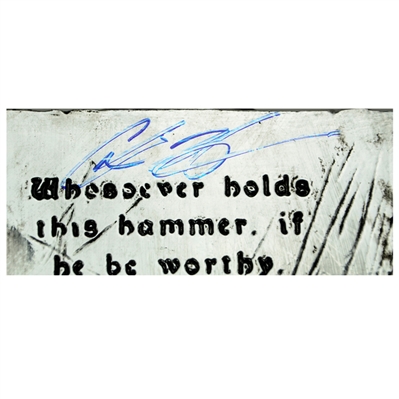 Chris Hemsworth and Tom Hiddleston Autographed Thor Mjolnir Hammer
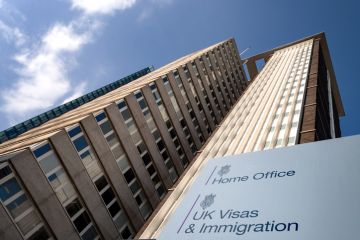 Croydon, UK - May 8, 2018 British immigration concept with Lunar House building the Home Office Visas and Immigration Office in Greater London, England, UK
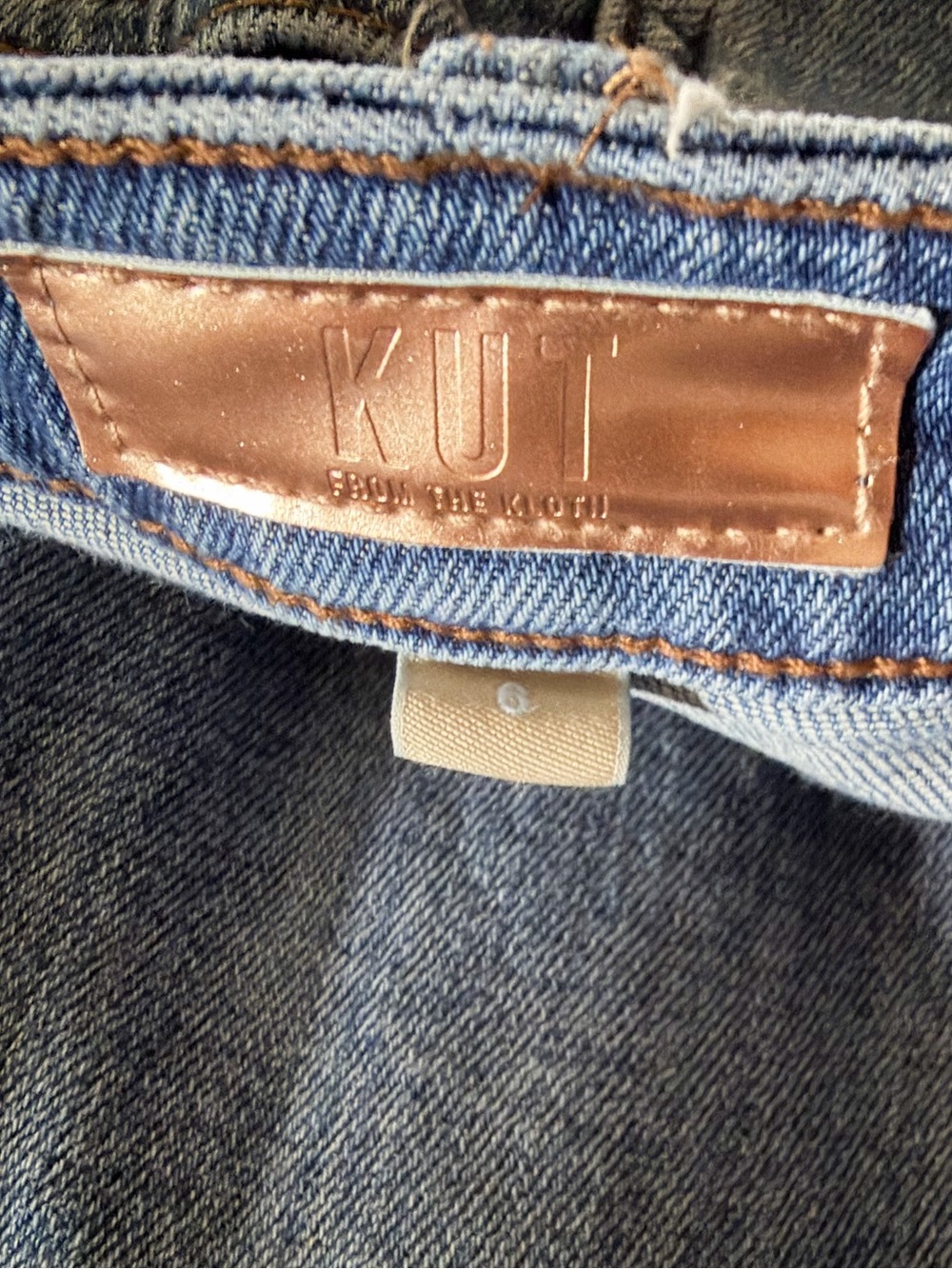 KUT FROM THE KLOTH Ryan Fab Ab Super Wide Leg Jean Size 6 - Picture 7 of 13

--------------------------------------------------

Action item: Each line of the listing must be restated word for word, and the pictures left out.

Task output:
 Chris Hemsworth and Tom Hiddleston Autographed Thor Mjolnir Hammer
 Croydon, UK - May 8, 2018 British immigration concept with Lunar House building the Home Office Visas and Immigration Office in Greater London, England, UK
 KUT FROM THE KLOTH Ryan Fab Ab Super Wide Leg Jean Size 6 - Picture 7 of 13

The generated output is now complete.